Só a Odebrecht, diz a denúncia contra Serra, pagou ao tucano “cerca de R$ 4,5 milhões entre 2006 e 2007, supostamente para fazer frente a gastos de suas campanhas no governo do estado de São Paulo, e cerca de R$ 23,3 milhões entre 2009 e 2010, em contrapartida à liberação de créditos havidos junto à Dersa, no valor total atualizado de R$ 191.590.000,00”.
Das 13 ações apresentadas até agora pela Lava Jato paulista, entre denúncias criminais e ações civis por suspeita de improbidade, seis estão relacionadas com o trecho sul do Rodoanel, que foi inaugurado no fim da gestão Serra.
Ainda que parte delas aponte suspeitas de irregularidades em períodos anteriores e posteriores ao governo Serra, os relatos estão concentrados principalmente em pagamentos e transferências feitos durante a gestão ou pouco antes da eleição do tucano.
Há também outras ações que se relacionam com o Governo de São Paulo no período. É o caso da denúncia de corrupção oriunda da delação do ex-diretor do Metrô Sérgio Brasil, apresentada em agosto do ano passado. As supostas irregularidades vão de 2004 a 2014.
Os investigadores também veem como uma continuidade do esquema iniciado por Paulo Preto as suspeitas de fraudes apontadas na Operação Pedra no Caminho, que investigou a obra do trecho norte do Rodoanel —cujas obras foram iniciadas em 2013, na gestão Geraldo Alckmin (PSDB).
Quando a Lava Jato de São Paulo foi formada, as regras a respeito do foro especial eram mais amplas, e Serra, que é senador, não poderia ser investigado na primeira instância.
As supostas condutas apontadas nas delações, porém, dizem respeito ao período em que ele estava na Prefeitura de São Paulo ou no governo paulista.

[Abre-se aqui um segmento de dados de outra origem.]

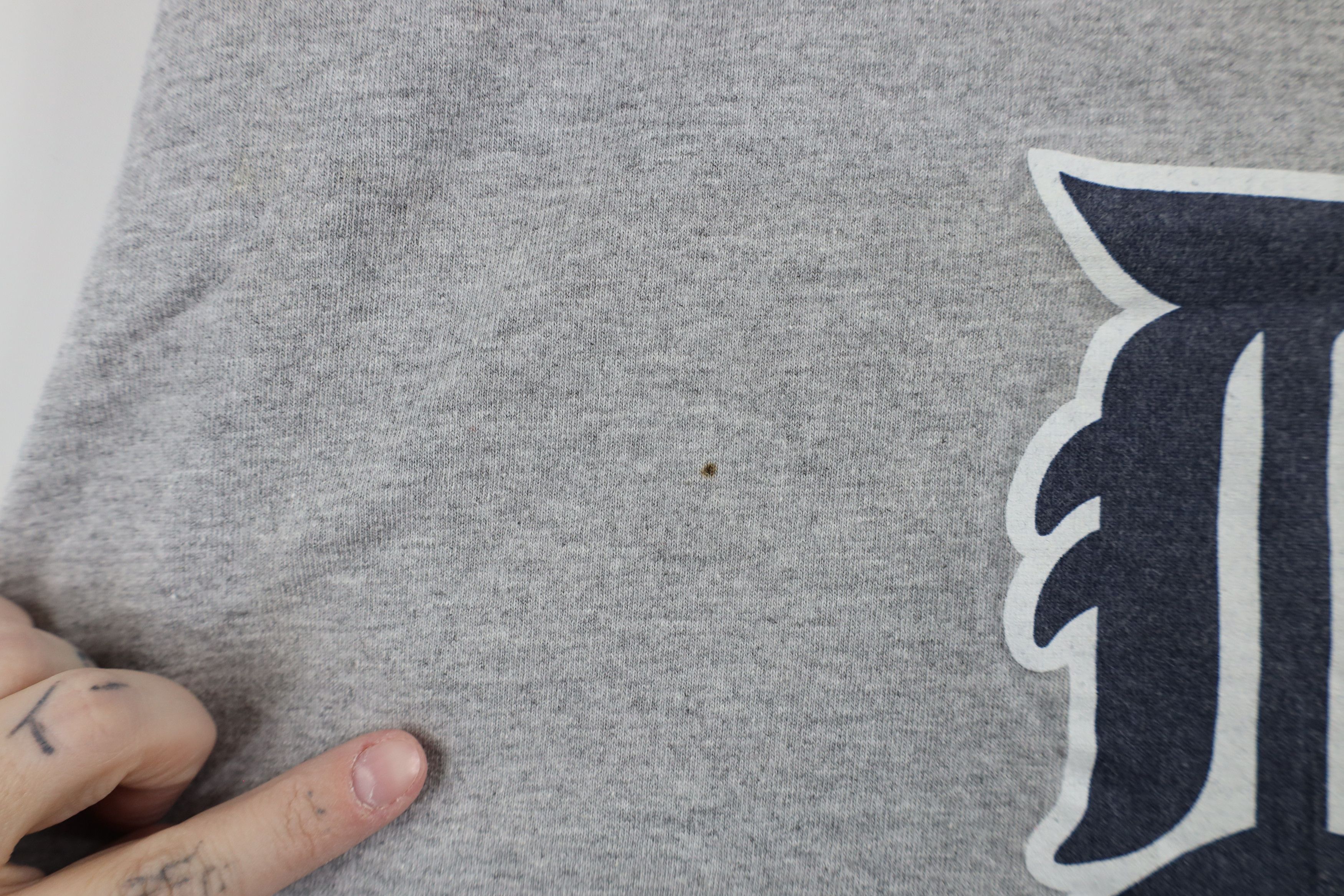 Vintage Vintage Old English D Detroit Tigers Baseball T-Shirt Gray Size US XL / EU 56 / 4 - 6 Thumbnail
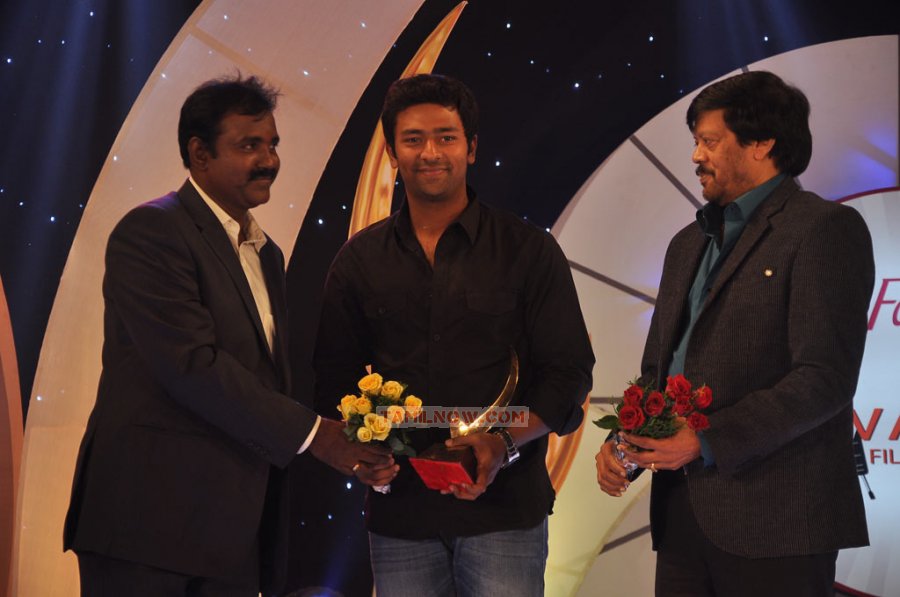 Shanthanu And Thiagarajan At Variety Film Awards 724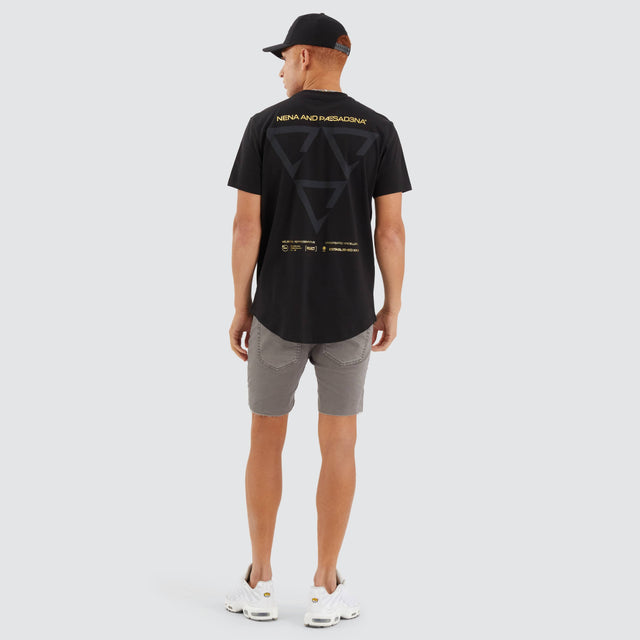 Model Wears Level Dual Curved Tee Jet Black T-Shirts in Black - Image 4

As apurações eram tocadas no âmbito do Supremo, junto a fatos que ligavam o ex-governador a Paulo Preto.
Em maio de 2018, o Supremo restringiu o foro especial, e as investigações sobre o tucano puderam voltar para São Paulo. No entanto, a decisão sobre o encaminhamento dos autos só foi tomada em agosto, e ainda assim, foi decidido que eles iriam para a Justiça Eleitoral.
À época, a turma do STF também decidiu, por 4 votos a 1, que fatos anteriores a agosto de 2010 investigados nesse inquérito prescreveram em relação a Serra. Conforme o voto do ministro Gilmar Mendes, como Serra tinha mais de 70 anos (hoje ele tem 78), eventuais crimes atribuídos a ele nessa época estavam prescritos.

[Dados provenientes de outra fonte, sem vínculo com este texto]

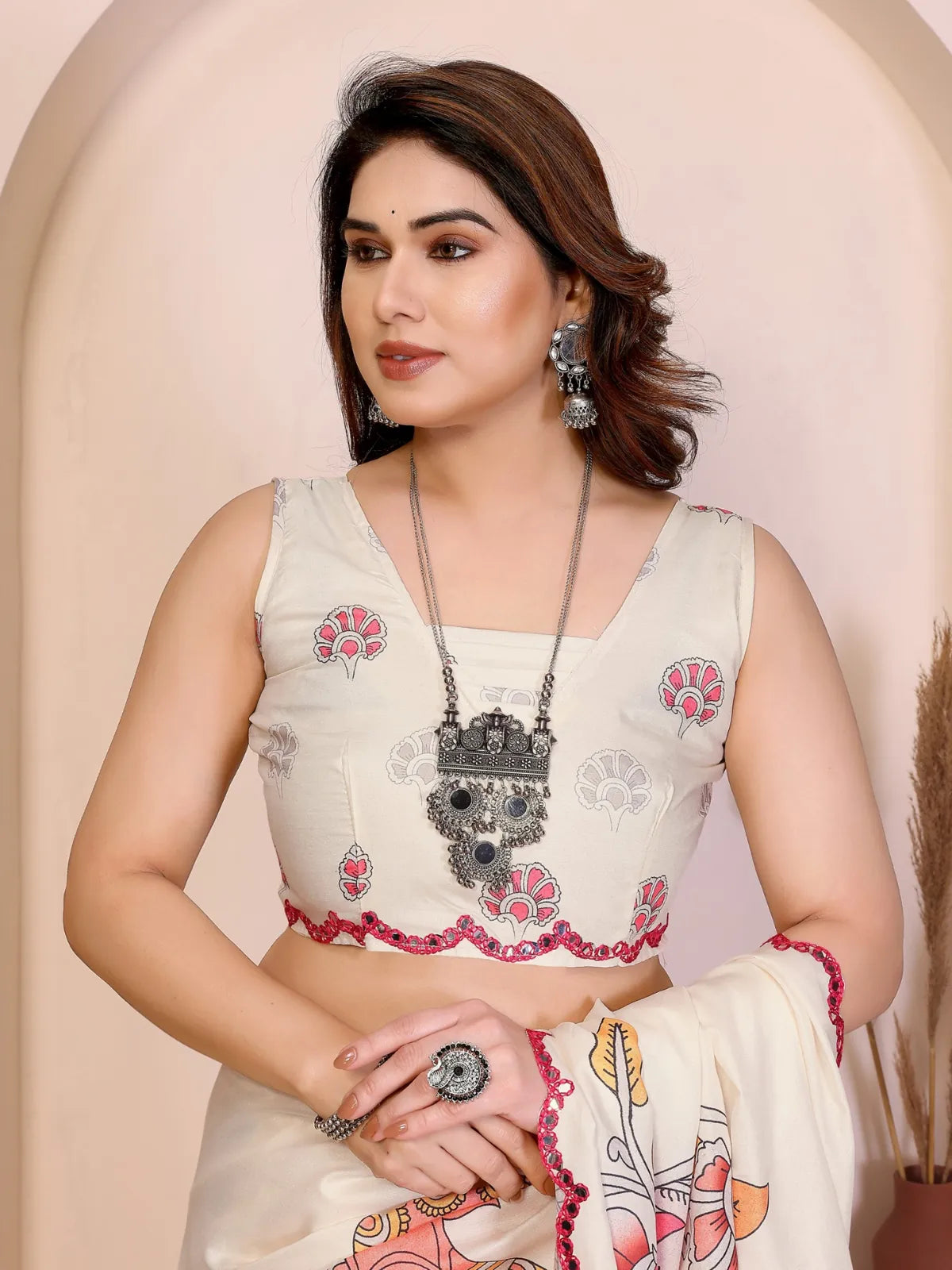 Tarani Manipuri silk white saree close-up of blouse and accessories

Só agora, em 2020, o Ministério Público Federal concluiu uma denúncia que encontrou saída para acusar o ex-governador sem desrespeitar a decisão do STF: a partir de uma movimentação bancária feita em 2014 em uma conta atribuída à filha de Serra, os procuradores entenderam que o tucano praticou lavagem de dinheiro.
A acusação foi criticada pela defesa do senador, que dizia que a questão é de responsabilidade da Justiça Eleitoral.
Em resposta, os procuradores afirmaram em adendo à denúncia que não há “quaisquer indicativos de que tais montantes de propina tenham sido efetivamente aplicados em campanhas”, porque os valores foram “mantidos externalizados por período que prolongou-se muito além do término dos períodos eleitorais”.
Atualmente, Paulo Preto está em prisão domiciliar e nega ter cometido qualquer irregularidade.
No último dia 3, quando foi denunciado e também foi alvo de busca e apreensão, Serra afirmou por meio de nota que houve “busca e apreensão com base em fatos antigos e prescritos e após denúncia já feita, o que comprova falta de urgência e de lastro probatório da acusação”.
“É lamentável que medidas invasivas e agressivas como a de hoje sejam feitas sem o respeito à lei e à decisão já tomada no caso pela Suprema Corte, em movimento ilegal que busca constranger e expor um senador da República.”
“O senador José Serra reforça a licitude dos seus atos e a integridade que sempre permeou sua vida pública. Ele mantém sua confiança na Justiça brasileira, esperando que os fatos sejam esclarecidos e as arbitrariedades cometidas devidamente apuradas”, acrescentou.